John Tate Raulston (September 22, 1868 – July 11, 1956) was an American state judge in Rhea County, Tennessee, who received national publicity for presiding over the 1925 Scopes trial, a famous creationism–evolution debate.
Raulston, who was a member of a prominent Republican family, was born on a small farm in Marion County, Tennessee. He attended U.S. Grant University, later known as Tennessee Wesleyan College, and was admitted to the bar in 1896. He served in the Tennessee state legislature and was an unsuccessful Republican candidate for the U.S. House of Representatives in 1908 against John A. Moon.
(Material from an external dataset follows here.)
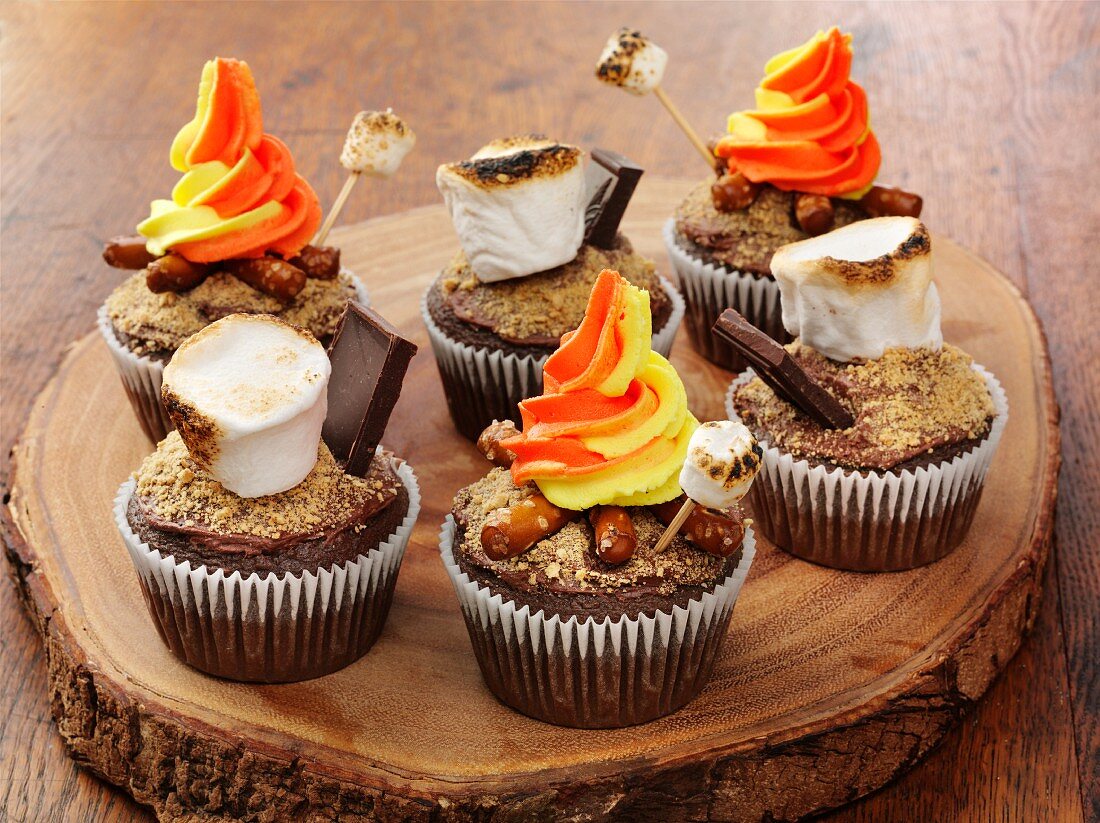 Bonfire-Cupcakes mit Marshmallows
He was elected judge of the Eighteenth Tennessee District in 1918.
Raulston commenced the proceedings by obtaining the grand jury indictment of John T. Scopes, a 24-year-old schoolteacher.[1] Raulston accelerated the convening of the grand jury and "... all but instructed the grand jury to indict Scopes, despite the meager evidence against him and the widely reported stories questioning whether the willing defendant had ever taught evolution in the classroom."
During the trial, Raulston sided with the prosecution and barred testimony from experts in theology and the natural sciences.[2] He was accused of being biased and frequently clashed with famed attorney Clarence Darrow, who represented Scopes. At the outset of the trial, Raulston quoted Genesis and the state Butler Act, which was the basis of the prosecution. He also warned the jury not to judge the merit of the law, which would become the focus of the trial.[3] Contemporary accounts refer to him as "plump, red-faced and middle aged."[1]
After a raucous trial, in which Darrow squared off against William Jennings Bryan for the prosecution, Scopes was convicted and fined $100. The conviction was reversed by an appellate court because the maximum fine was $50, but Scopes was never retried.[1]
After the trial, Raulston gave lectures on the legal aspects of fundamentalism. But he was unable to build a political future on the Scopes trial, and he was defeated for reelection a year after the trial. He later ran for governor and retired in the mid-1940s. In a statement several years after the trial, Raulston said that he had modified his views and no longer believed that the state should pass laws limiting the right to teach science to students when doing so didn't harm their morals.
Raulston was portrayed as the character Judge Merle Coffey in the play Inherit the Wind and the 1960 film adaptation. In the film, the character of the judge was played by Harry Morgan. He was also played by John Cullum in the 1999 television remake.